Task
Please transcribe all of the entries exactly, leaving out any images.

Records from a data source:
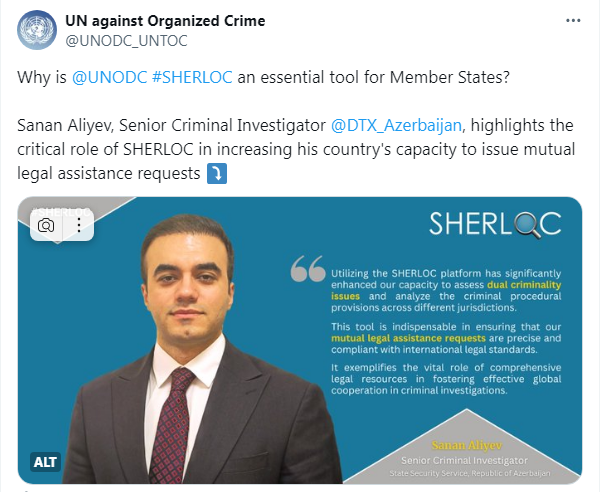 Управление ООН о системе SHERLOC со ссылкой на доклад сотрудника СГБ Азербайджана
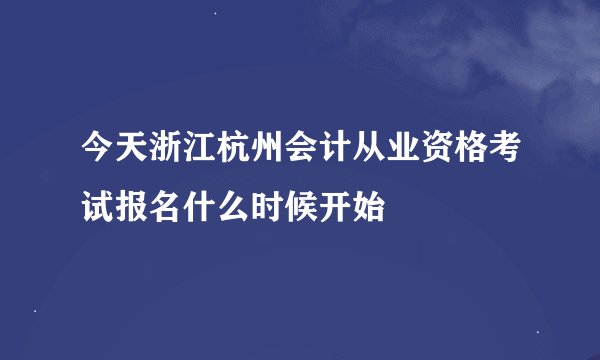 今天浙江杭州会计从业资格考试报名什么时候开始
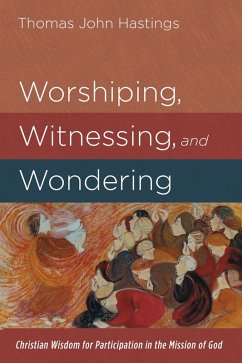 Worshiping, Witnessing, and Wondering (eBook, ePUB)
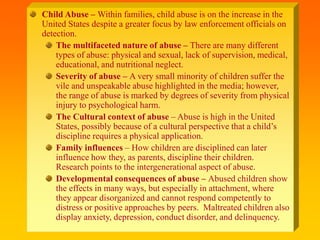 Child Abuse – Within families, child abuse is on the increase in the
United States despite a greater focus by law enforcement officials on
detection.
The multifaceted nature of abuse – There are many different
types of abuse: physical and sexual, lack of supervision, medical,
educational, and nutritional neglect.
Severity of abuse – A very small minority of children suffer the
vile and unspeakable abuse highlighted in the media; however,
the range of abuse is marked by degrees of severity from physical
injury to psychological harm.
The Cultural context of abuse – Abuse is high in the United
States, possibly because of a cultural perspective that a child’s
discipline requires a physical application.
Family influences – How children are disciplined can later
influence how they, as parents, discipline their children.
Research points to the intergenerational aspect of abuse.
Developmental consequences of abuse – Abused children show
the effects in many ways, but especially in attachment, where
they appear disorganized and cannot respond competently to
distress or positive approaches by peers. Maltreated children also
display anxiety, depression, conduct disorder, and delinquency.
 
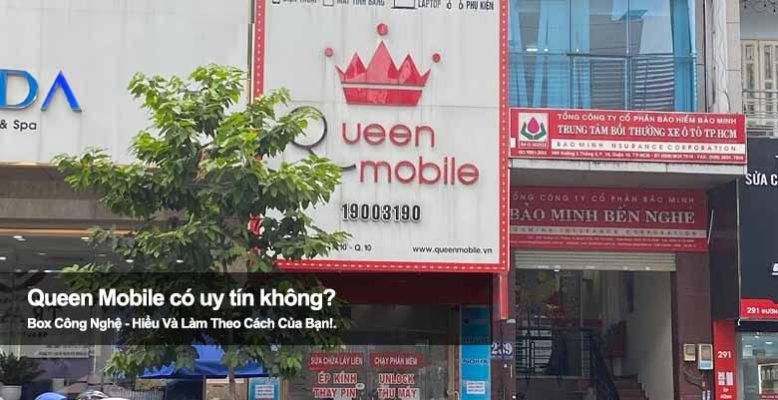 Queen Mobile có uy tín không? Đánh giá chi tiết từ A đến Z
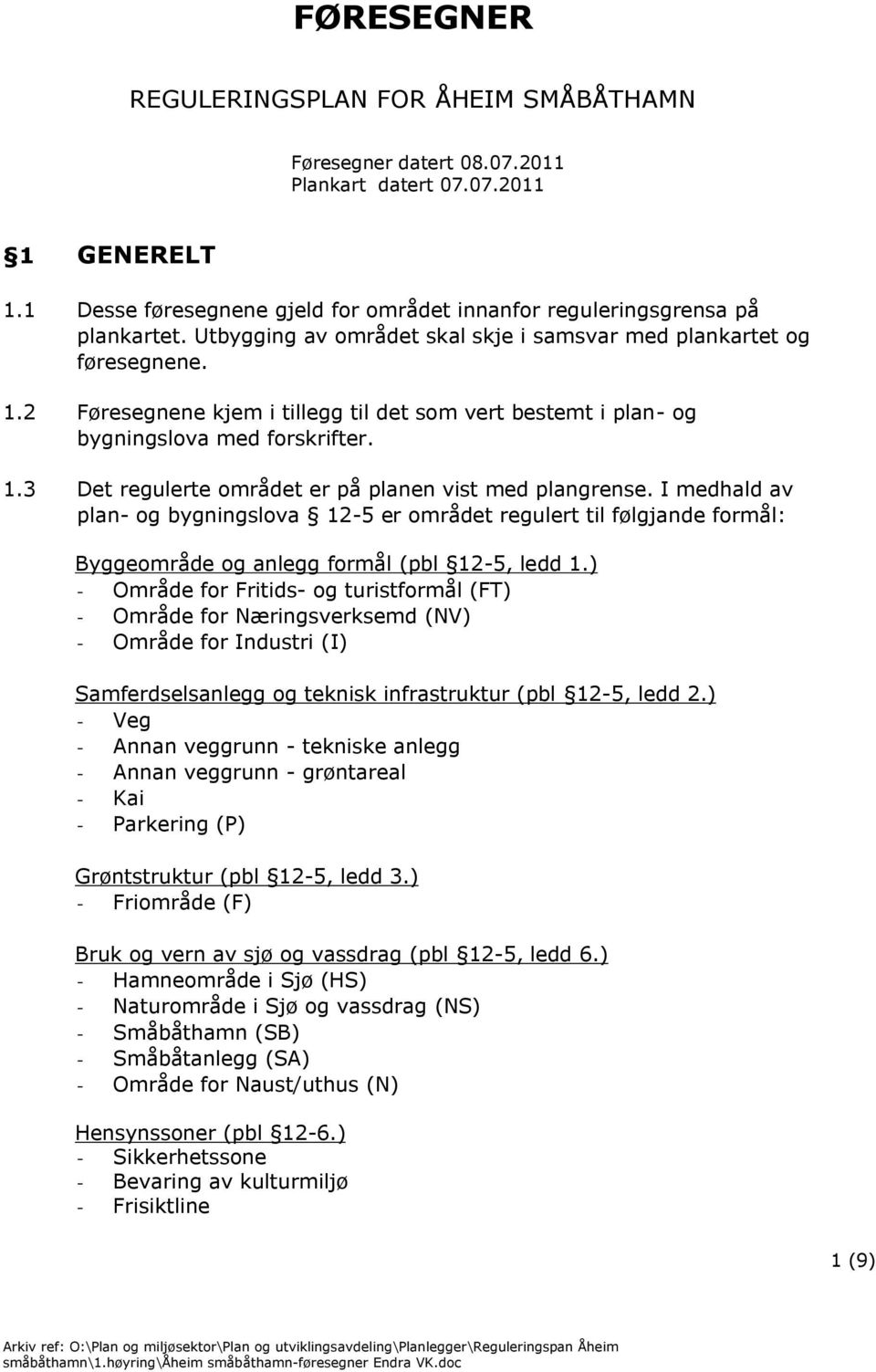 I medhald av plan- og bygningslova 12-5 er området regulert til følgjande formål: Byggeområde og anlegg formål (pbl 12-5, ledd 1.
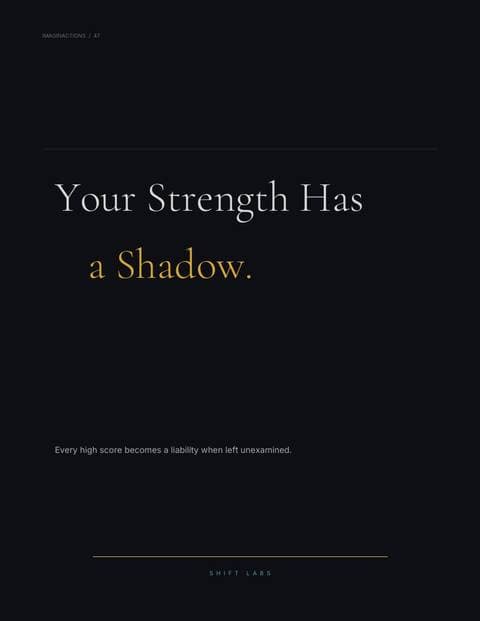 Your Strength Has a Shadow.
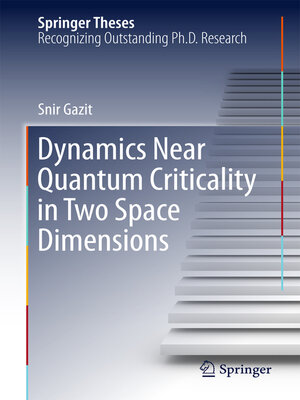 cover image of Dynamics Near Quantum Criticality in Two Space Dimensions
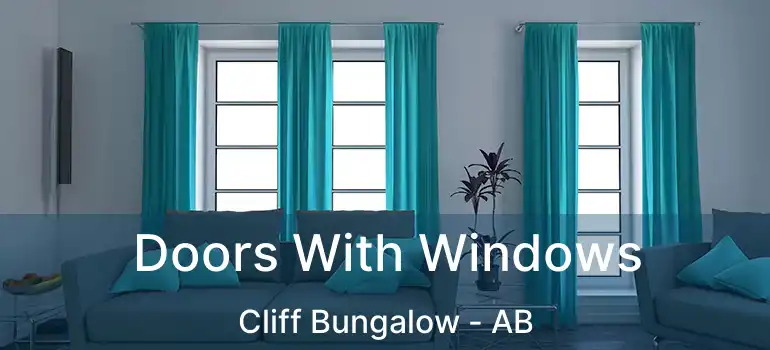  Doors With Windows Cliff Bungalow - AB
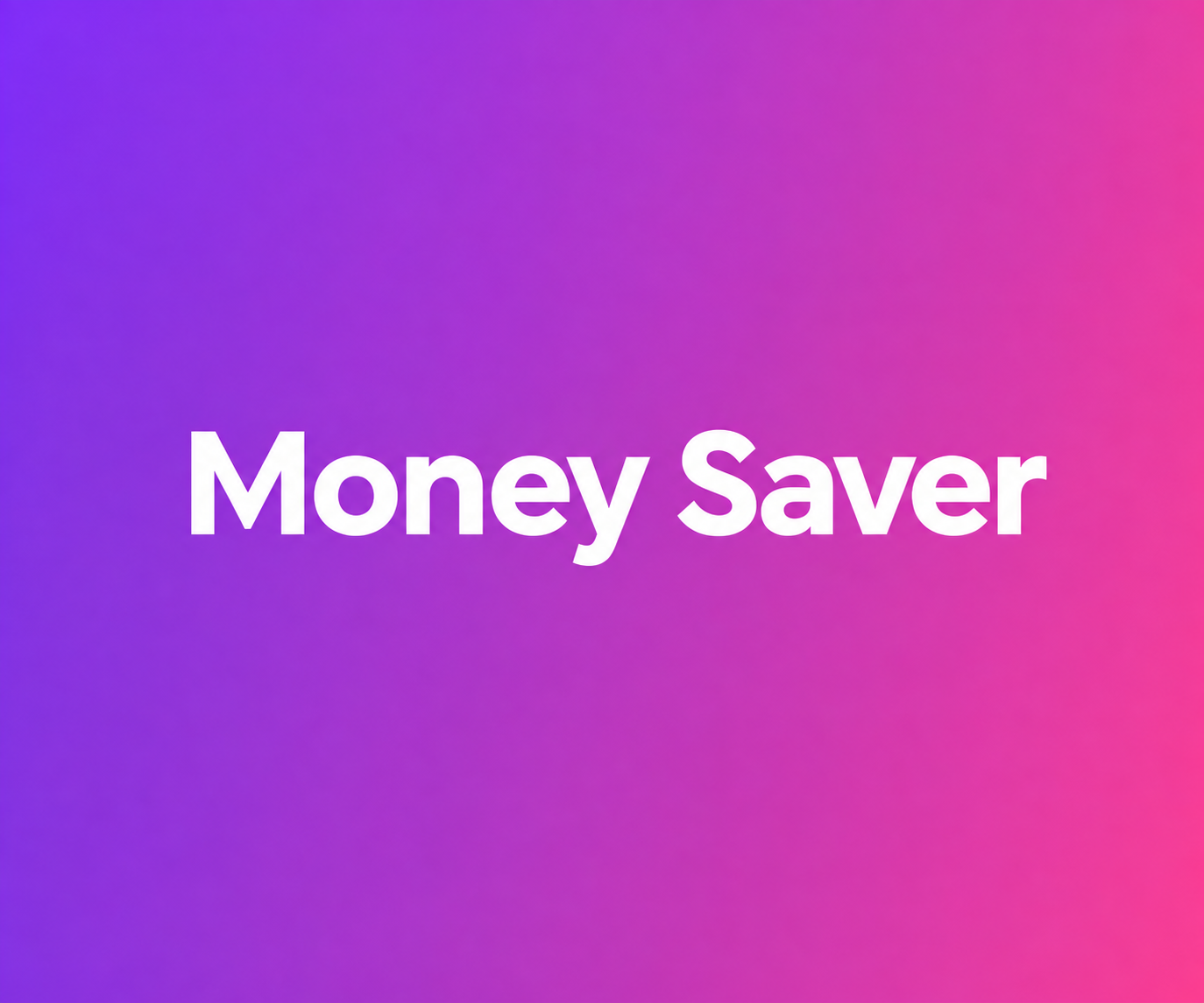 Money Saver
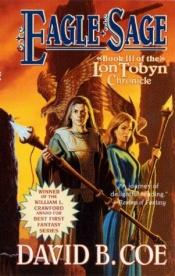 book cover of Eagle-Sage (The Lon Tobyn Chronicle, Bk 3) by David B. Coe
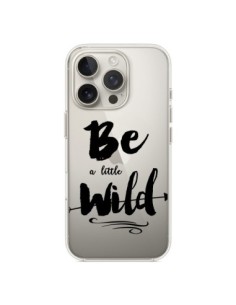 Coque iPhone 16 Pro Be a little Wild, Sois sauvage...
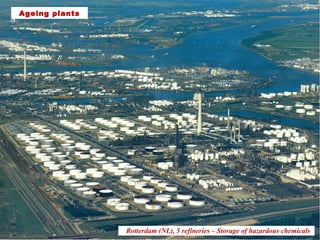 7 
Increasing scale of chemical plants 
Rotterdam (NL), 5 refineries – Storage of hazardous chemicals 
Ageing plants 
 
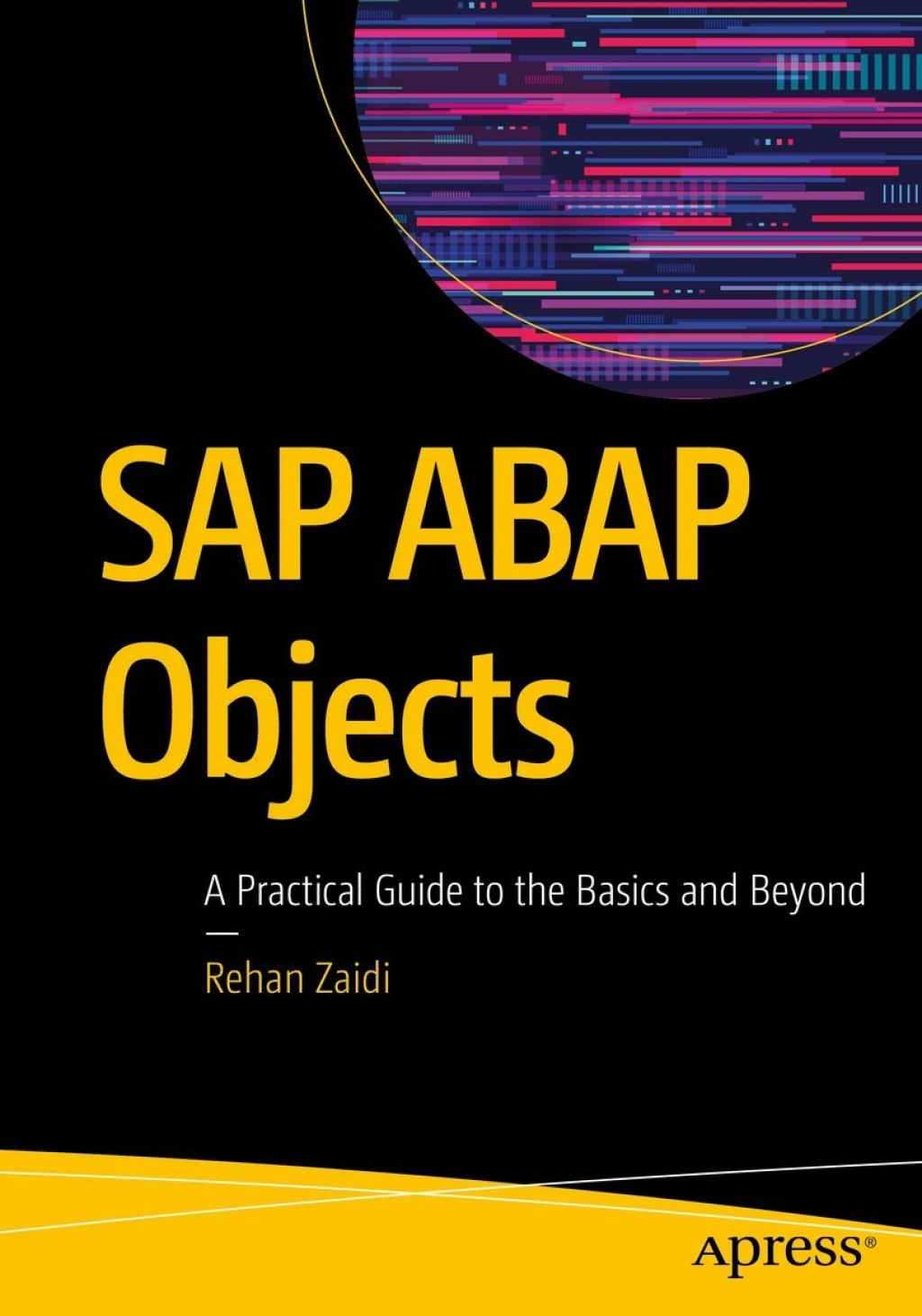 SAP ABAP Objects A Practical Guide to the Basics and Beyond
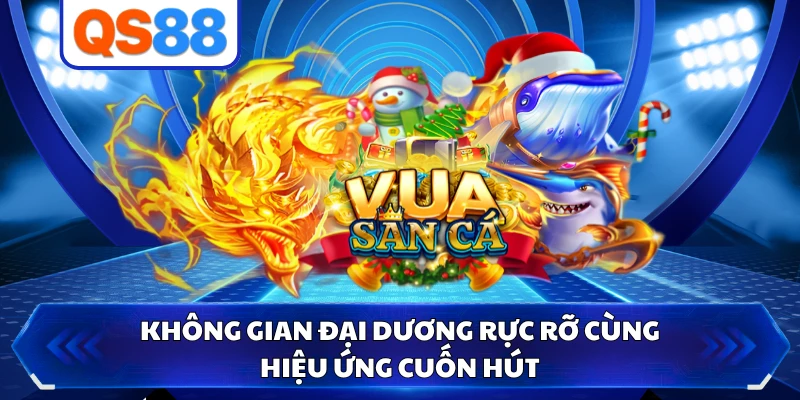 Không gian đại dương rực rỡ cùng hiệu ứng cuốn hút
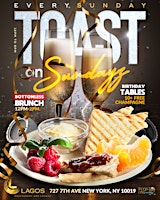 Toast on Sundayz! #Party247NYC primary image
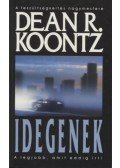 Dean R. Koontz - Idegenek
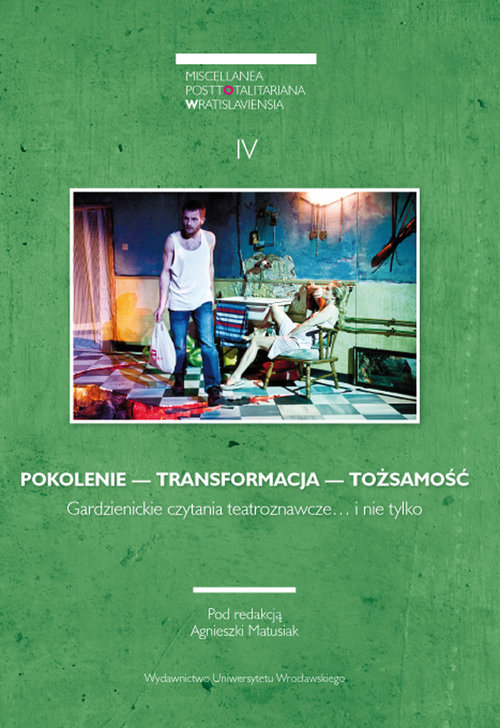 Miscellanea Posttotalitariana Wratislaviensia 4/2016 POKOLENIE — TRANSFORMACJA — TOŻSAMOŚĆ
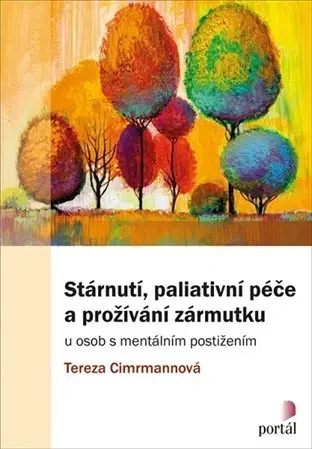 Psychológia, etika Stárnutí, paliativní péče a prožívání zármutku - Tereza Cimrmannová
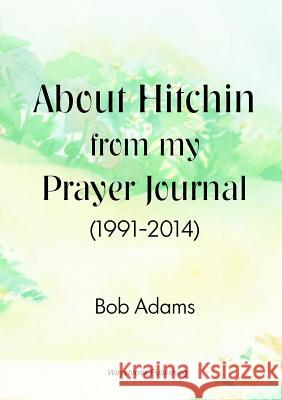 About Hitchin from My Prayer Journal (1991-2014) Robert Adams 9780954926946 Waysbrook Publishing - książka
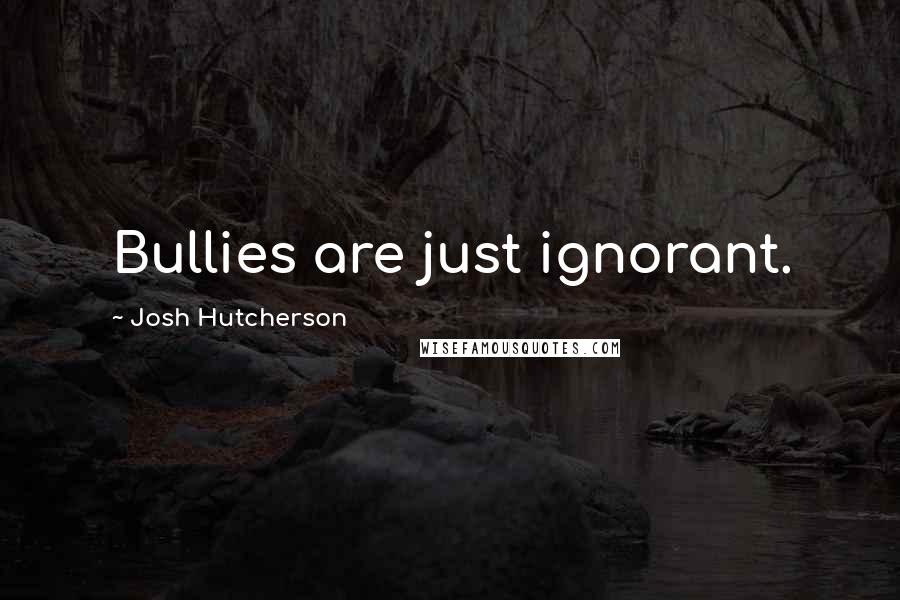 Josh Hutcherson quotes: Bullies are just ignorant.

Completed task
 Управление ООН о системе SHERLOC со ссылкой на доклад сотрудника СГБ Азербайджана
 今天浙江杭州会计从业资格考试报名什么时候开始
 Worshiping, Witnessing, and Wondering (eBook, ePUB)
 Child Abuse – Within families, child abuse is on the increase in the
United States despite a greater focus by law enforcement officials on
detection.
The multifaceted nature of abuse – There are many different
types of abuse: physical and sexual, lack of supervision, medical,
educational, and nutritional neglect.
Severity of abuse – A very small minority of children suffer the
vile and unspeakable abuse highlighted in the media; however,
the range of abuse is marked by degrees of severity from physical
injury to psychological harm.
The Cultural context of abuse – Abuse is high in the United
States, possibly because of a cultural perspective that a child’s
discipline requires a physical application.
Family influences – How children are disciplined can later
influence how they, as parents, discipline their children.
Research points to the intergenerational aspect of abuse.
Developmental consequences of abuse – Abused children show
the effects in many ways, but especially in attachment, where
they appear disorganized and cannot respond competently to
distress or positive approaches by peers. Maltreated children also
display anxiety, depression, conduct disorder, and delinquency.
 
 Queen Mobile có uy tín không? Đánh giá chi tiết từ A đến Z
 I medhald av plan- og bygningslova 12-5 er området regulert til følgjande formål: Byggeområde og anlegg formål (pbl 12-5, ledd 1.
 Your Strength Has a Shadow.
 cover image of Dynamics Near Quantum Criticality in Two Space Dimensions
  Doors With Windows Cliff Bungalow - AB
 Money Saver
 book cover of Eagle-Sage (The Lon Tobyn Chronicle, Bk 3) by David B. Coe
 Coque iPhone 16 Pro Be a little Wild, Sois sauvage...
 7 
Increasing scale of chemical plants 
Rotterdam (NL), 5 refineries – Storage of hazardous chemicals 
Ageing plants 
 
 SAP ABAP Objects A Practical Guide to the Basics and Beyond
 Không gian đại dương rực rỡ cùng hiệu ứng cuốn hút
 Toast on Sundayz! #Party247NYC primary image
 Dean R. Koontz - Idegenek
 Miscellanea Posttotalitariana Wratislaviensia 4/2016 POKOLENIE — TRANSFORMACJA — TOŻSAMOŚĆ
 Psychológia, etika Stárnutí, paliativní péče a prožívání zármutku - Tereza Cimrmannová
 About Hitchin from My Prayer Journal (1991-2014) Robert Adams 9780954926946 Waysbrook Publishing - książka
 Josh Hutcherson quotes: Bullies are just ignorant.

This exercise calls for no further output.